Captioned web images
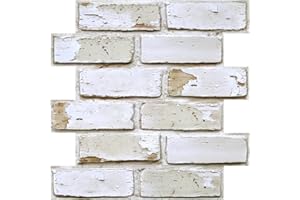 Commomy Paneles de pared 3D autoadhesivos con aspecto de piedra, 10 piezas, 30 × 30 cm, revestimiento de pared autoadhesivo impermeable de PVC, papel pintado 3D con aspecto de piedra y ladrillo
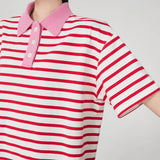 Boogzel Apparel Pink Stripe Skater Polo Shirt, view 4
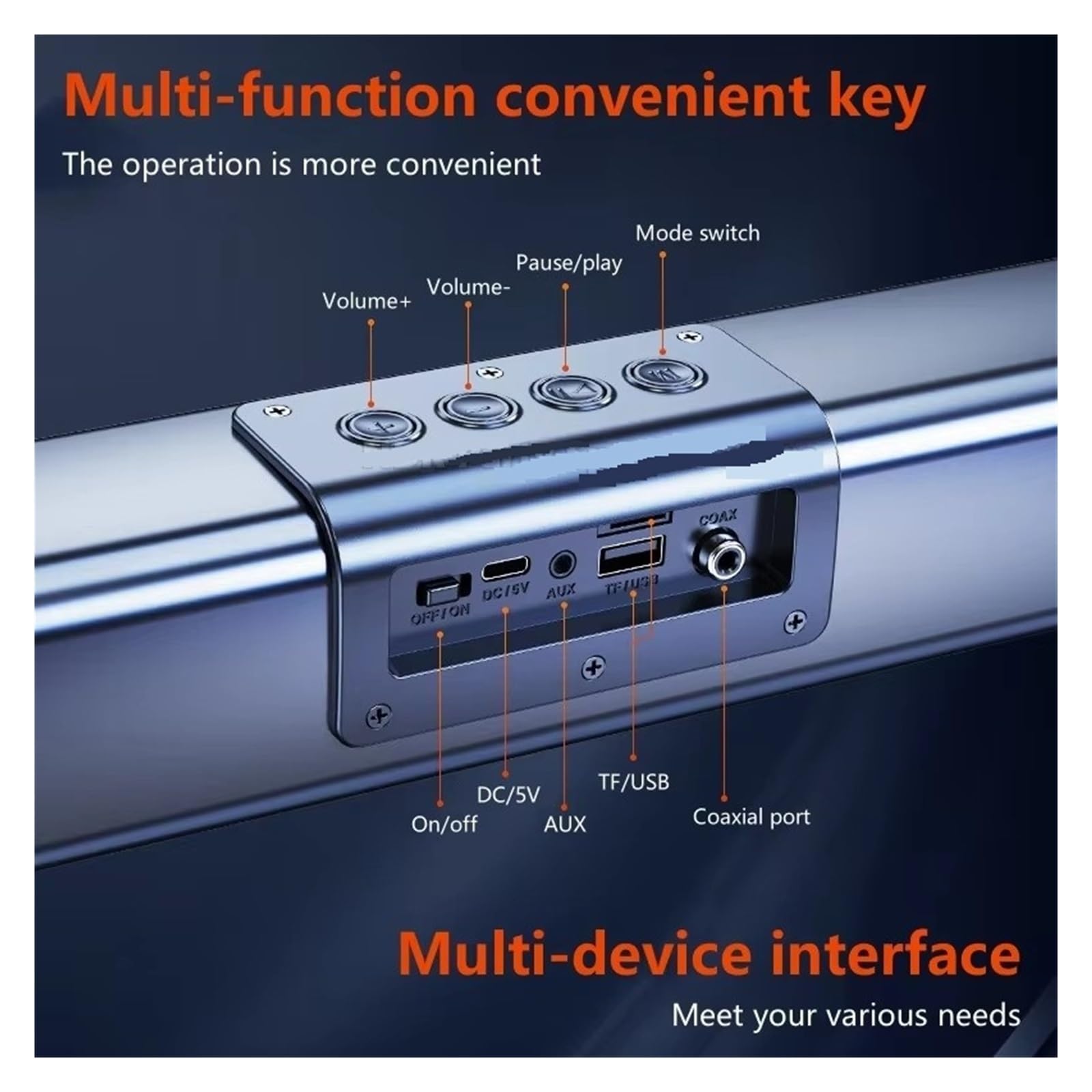 40W Telewizor Audio Echo Ścienny Kinowy Pasek Głośniki Bluetooth Subwoofer Stereo Surround Sound Bar DośWiadczenie Jak W Kinie
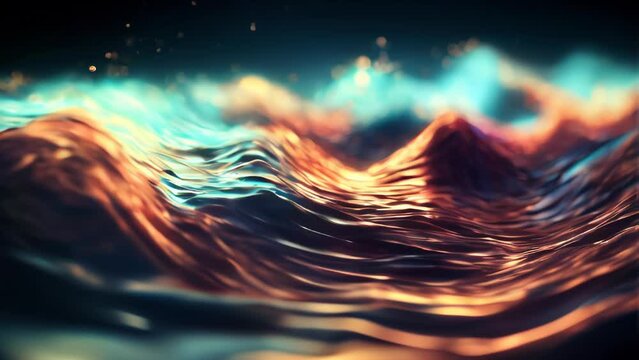 Undulating water surface catching light, creating vividly colored ripples. The dynamic wave shapes and light effects produce an ethereal atmosphere.

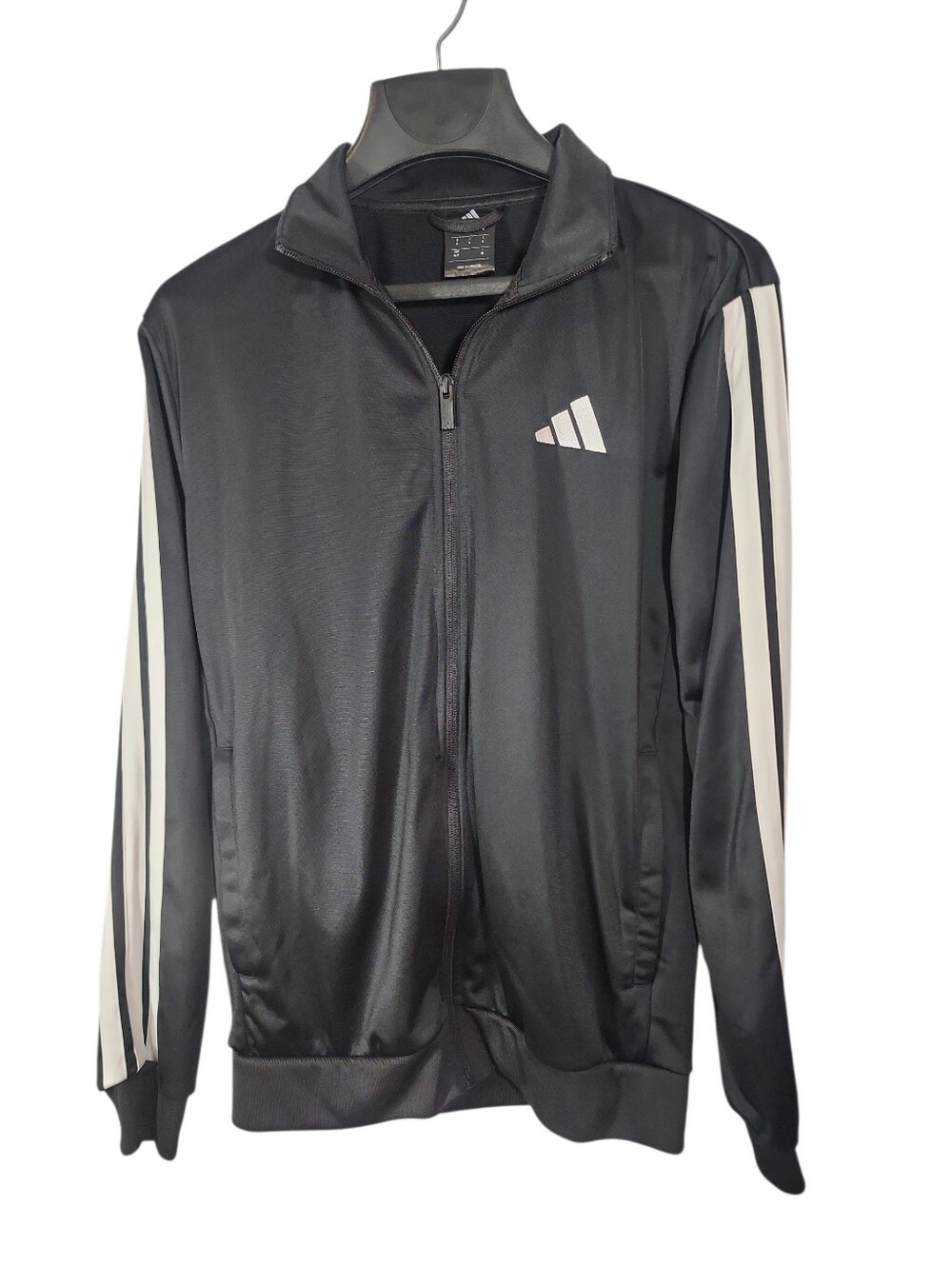 adidas Black Track Jacket with White Sleeve Stripes. S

Task directions: The copy should hold exactly the lines from the one containing "Boogzel Apparel Pink" through the final line of the records above, both ends included, and no picture.

Output:
 Boogzel Apparel Pink Stripe Skater Polo Shirt, view 4
 40W Telewizor Audio Echo Ścienny Kinowy Pasek Głośniki Bluetooth Subwoofer Stereo Surround Sound Bar DośWiadczenie Jak W Kinie
 Undulating water surface catching light, creating vividly colored ripples. The dynamic wave shapes and light effects produce an ethereal atmosphere.

 adidas Black Track Jacket with White Sleeve Stripes. S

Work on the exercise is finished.